Monday, September 1, 2008

I like your chicken sandwich but I don't like your chicken sandwich ''like that''. Okay?




I like your chicken sandwich but I don't like your chicken sandwich ''like that''. Okay?


by Lucy


To me, food and sex are not meant to go together. Oh, sure, whipped cream and chocolate syrup have certain applications, connotations and implications. I'm not denying that some sweeter fare is a given here and there. But, these commercials that play Barry White over a spinning pizza with bubbling cheese and pepperoni just aren't right. I know, bubbling cheese = hot. Pepperoni = Spicy and in its original form, was a phallic symbol. But, stop. It's wrong.

Remember that Seinfeld episode with George getting his food and sexy-time wires crossed? I got a little ill. Sure, I was still laughing because nausea and humor aren't necessarily in opposition but I was uncomfortable. Lucy doesn't dig this idea. Lucy has a hang-up with this thing. If Lucy ever had a fantasy about the pizza delivery guy, the pizza itself did not have a starring role, if you know what I'm saying. Neither did the breadsticks.

Savory, meat and potatoes type foods do not belong in the bedroom. Or the elevator. Well, I mean, you know. You know what I mean. Wherever someone's doing the Hoochie Coochie. I've had enough of this crap. It seems like every restaurant chain tries to make food fun and sexy in their ads. Your crappy MSG beef taco with greasy imitation cheese is not sexy. I have no sexual attraction to tacos or sausages or anything else you think has a symbolic nature to it. Have you seen that commercial where the chicken sandwich is with that guy in the sleazy hotel room? . . . And he's eating the sandwich (Eating it? Get it? Wink, wink, nudge, nudge)?. . . And, the cow kicks that door open and starts bellowing with the rage of a scorned lover? It says their chicken sandwich is so good you'll ''cheat on beef.''

I should protest this commercial. I think of sandwiches, I think of bread. I think of bread, I think of dough. I think of dough, I think of yeast. I think of yeast, I think of yeast infections. Are yeast infections hot? No. Not unless you're one of those special people that subscribe to Yeasty Pleasures monthly (published in Germany). Other than those creeps, no. No, it's not. So, the bread isn't sexy. What about the chicken, you ask. You pervert! No, I do not think of sexy time when I think of chicken, either. I think of chicken, I think of hens and roosters. I think of hens and roosters, I think of the cock-a-doodle-do sound. When I think of the cock- . . . I- . . . Oh, hey! Oh . . . Oh, no. . .

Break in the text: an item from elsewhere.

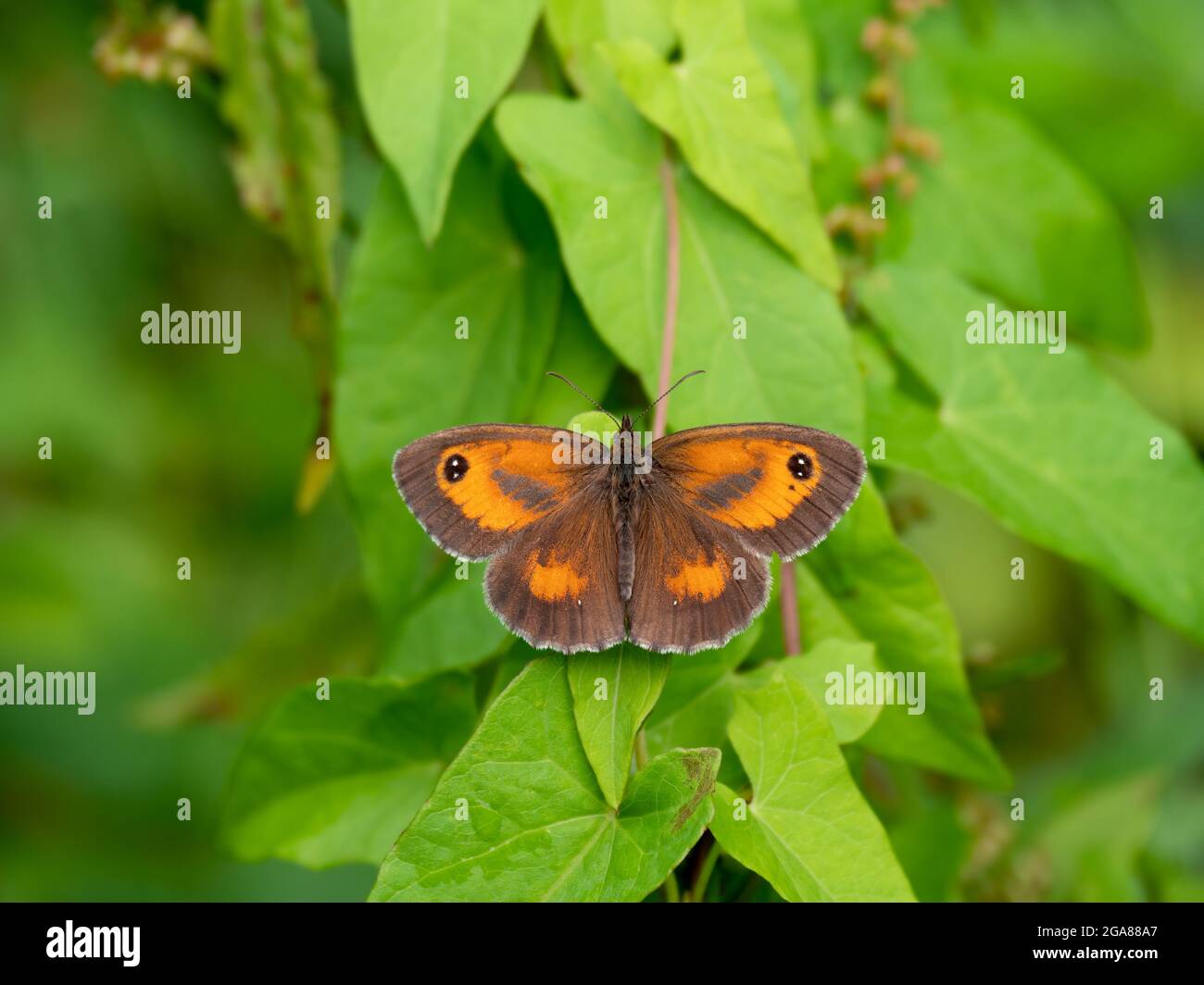 Gatekeeper butterfly Pyronia tithonus resting in the sun. Aka the Hedge brown butterfy. Stock Photo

You know what? Forget this post. This is leading me into dangerous waters that I don't want to be in. Just forget I ever said anything. Certain wires should not be crossed. Not unless you want to get all weak in the knees during Sunday dinner with your whole family there just because you see a ''juicy'' roast. That's all I'm saying. It just can't end well. Please, take my advice and leave your sex and your food in their own little categories of pleasure. We're not in ancient Rome.